La récente visite du Premier ministre sénégalais Ousmane Sonko au Burkina Faso, les 17 et 18 mai 2025, représente bien plus qu’une simple démarche diplomatique ; elle marque un véritable tournant stratégique dans la politique étrangère du Sénégal et pourrait redéfinir la dynamique géopolitique de l’Afrique de l’Ouest. Cette approche s’inscrit dans la vision de « rupture » portée par la nouvelle administration Faye-Sonko, s’étendant désormais aux relations internationales du pays.

Au cœur de cette réorientation se trouve un engagement profond envers le panafricanisme et la souveraineté. La participation de Sonko à l’inauguration du Mausolée Thomas Sankara n’était pas un acte anodin. En rendant hommage à ce « leader révolutionnaire emblématique » et « symbole des luttes panafricanistes », le Sénégal s’est délibérément aligné sur une idéologie qui résonne fortement avec celle des pays de l’Alliance des États du Sahel (AES) – le Mali, le Burkina Faso et le Niger. Ce rapprochement idéologique transcende les différences de modèles de gouvernance, unissant le Sénégal démocratique aux juntes militaires de l’AES autour de principes partagés de rejet des « diktats extérieurs » et d’affirmation de l’autonomie africaine.

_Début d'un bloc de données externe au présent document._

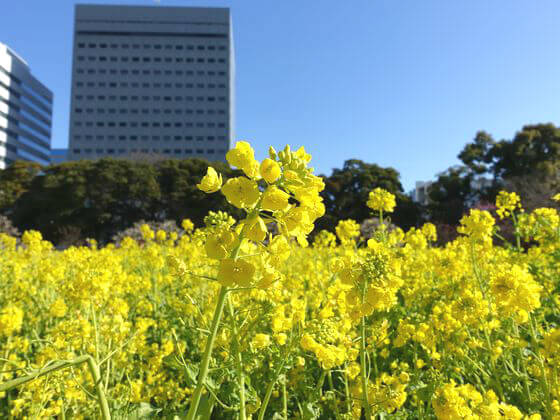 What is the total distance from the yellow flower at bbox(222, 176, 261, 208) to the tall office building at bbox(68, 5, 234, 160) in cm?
7743

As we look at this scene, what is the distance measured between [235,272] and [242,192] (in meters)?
0.25

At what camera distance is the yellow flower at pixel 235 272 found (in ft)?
3.29

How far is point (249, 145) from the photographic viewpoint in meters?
1.13

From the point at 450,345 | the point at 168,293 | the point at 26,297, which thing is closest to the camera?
the point at 450,345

L’annonce la plus retentissante de cette visite a été la décision du Sénégal de retirer toutes les bases militaires étrangères de son sol d’ici juillet 2025. Cette déclaration, faite de manière significative à la télévision nationale burkinabè, n’est pas seulement une affirmation de souveraineté ; elle est un défi direct aux héritages coloniaux et aux dépendances militaires existantes. En emboîtant le pas aux pays de l’AES qui ont déjà expulsé les troupes étrangères, le Sénégal se positionne comme un leader potentiel d’un mouvement plus large vers l’autodétermination africaine en matière de sécurité. Cette démarche audacieuse signale un changement fondamental dans l’architecture de sécurité régionale, favorisant des solutions « dirigées par l’Afrique ».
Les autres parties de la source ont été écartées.